Association with other Clinicopathologic Factors

The majority (70%) of patients in the high Ki67 group had poorly differentiated tumors, and few (1%) had low grade tumors, indicating that Ki67 may not provide much additional prognostic information beyond grade. High Ki67 was also significantly associated with other adverse prognostic factors, including positive lymph nodes and larger size (Table 1). In age adjusted linear regression estimates (Table 2), poorly differentiated tumors were associated with higher RS and higher Ki67 (p<0.0001). Patients with poorly differentiated tumors had on average Ki67 values that were 3.42 times (27.90/8.16=3.42) that of patients with well differentiated or moderately differentiated tumors and RS values that were 40% higher (19.39/13.84=1.40). With respect to tumor grade, 58% of the 76 patients with high RS had poorly differentiated tumors while only 25% of the 347 patients with intermediate RS and 16% of the 99 patients with low RS had poorly differentiated tumors. In addition, linear correlation between Ki67 and RS was strongest in patients with high grade tumors with Pearson correlation coefficient 0.4103, p<0.0001. In patients with low grade tumors, Pearson correlation coefficient was 0.0368 with p=0.7491 and in those with intermediate grade tumors, Pearson correlation coefficient was 0.0718 with p=0.2168. This is explained by the stronger linear association between Ki67 and RS in patients with higher RS scores, which is also associated with higher tumor grade.

Table 2.

Age Adjusted Linear Regression Estimates for Ki67 and Oncotype RS regressed on tumor characteristics

Tumor Characteristics	Ki67			Oncotype RS
Tumor Characteristics	Geometric Mean^a	Ratio of Geometric Means^a/Slope^b,c [95% CI]	P-value	Geometric Mean^a	Ratio of Geometric Means^a/Slope^b,c [95% CI]	P-value
Poorly Differentiated Tumor ^a
No	8.16	Reference		13.84	Reference
Yes	27.90	3.42 [2.86, 4.08]	<0.0001^*	19.39	1.40 [1.24, 1.58]	<0.0001^*
Nodal Status ^a
Negative	10.96	Reference		14.95	Reference
Positive	16.59	1.51 [1.13, 2.03]	0.0059^*	17.58	1.18 [0.99, 1.40]	0.0686
Tumor Size ^b		0.42% [0.26%, 0.58%]	<0.0001^*		0.02% [−0.08%, 0.12%]	0.6952
PR% ^c		−0.11% [−0.37%, 0.14%]	0.3937		−0.71% [−0.85%, −0.58%]	<0.0001^*
ER% ^c		−1.40% [−2.31%, −0.49%]	0.0028^*		−1.31% [1.84%, −0.78%]	<0.0001^*

Open in a new tab

Geometric Mean presented within each level of categorical variables with Ratios of Geometric Means.
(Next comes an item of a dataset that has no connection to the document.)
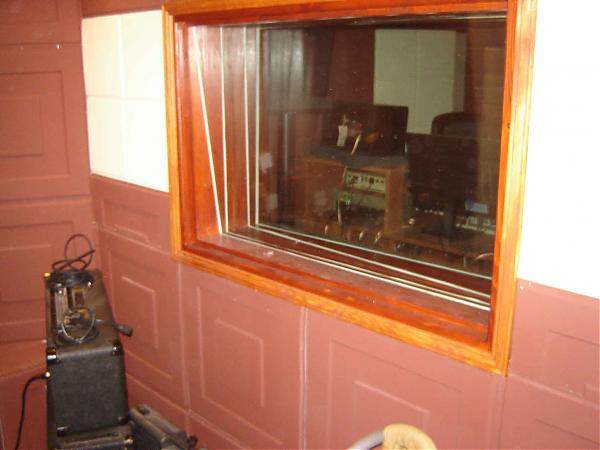 Name:  prozor iz vocal boota.jpg
Views: 7552
Size:  30.9 KB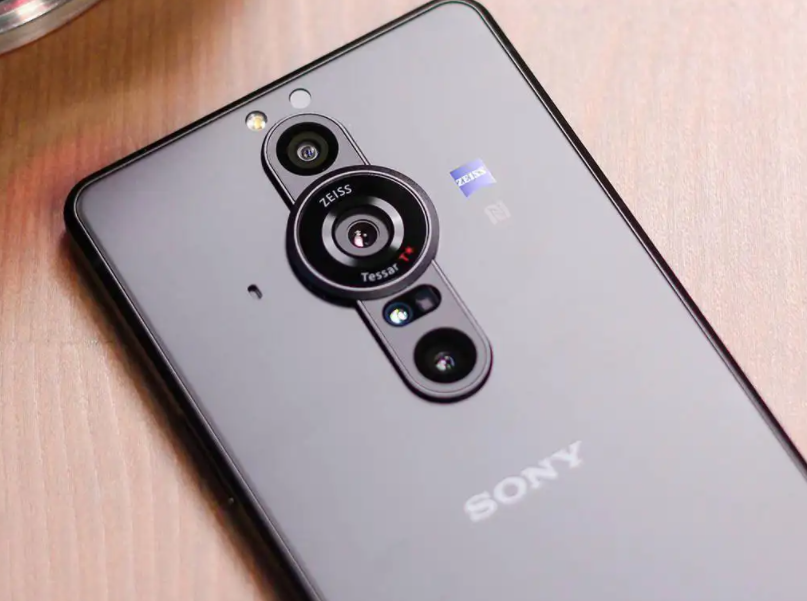 索尼Xperia|索尼 Xperia PRO-I，游戏拍摄都在行，复古情怀少不了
Slope presented for continuous variables; percent change (negative-reduction; positive-increase) in risk score per 1% increase in tumor size.

Slope presented for continuous variables; percent change (negative-reduction; positive-increase) in risk score per 1 unit increase in PR%, ER%.

P<0.05; CI: Confidence Interval

There was an association between positive nodal status and higher Ki67 (p=0.0059) but not with RS (p=0.0686). Patients with positive nodal status had on average a 51% higher Ki67 than patients with negative nodal status (16.59/10.96=1.51). As shown in Figure 3 and Table 2, higher ER% was significantly associated with both lower RS (p<0.0001) and lower Ki67 (p=0.0028) based on multivariable linear regression model estimates. There was an association between high PR% and lower RS (p<0.0001) but not lower Ki67 (p=0.3937). Larger tumor size correlated with higher Ki67 (p<0.0001) but not RS (p=0.6952).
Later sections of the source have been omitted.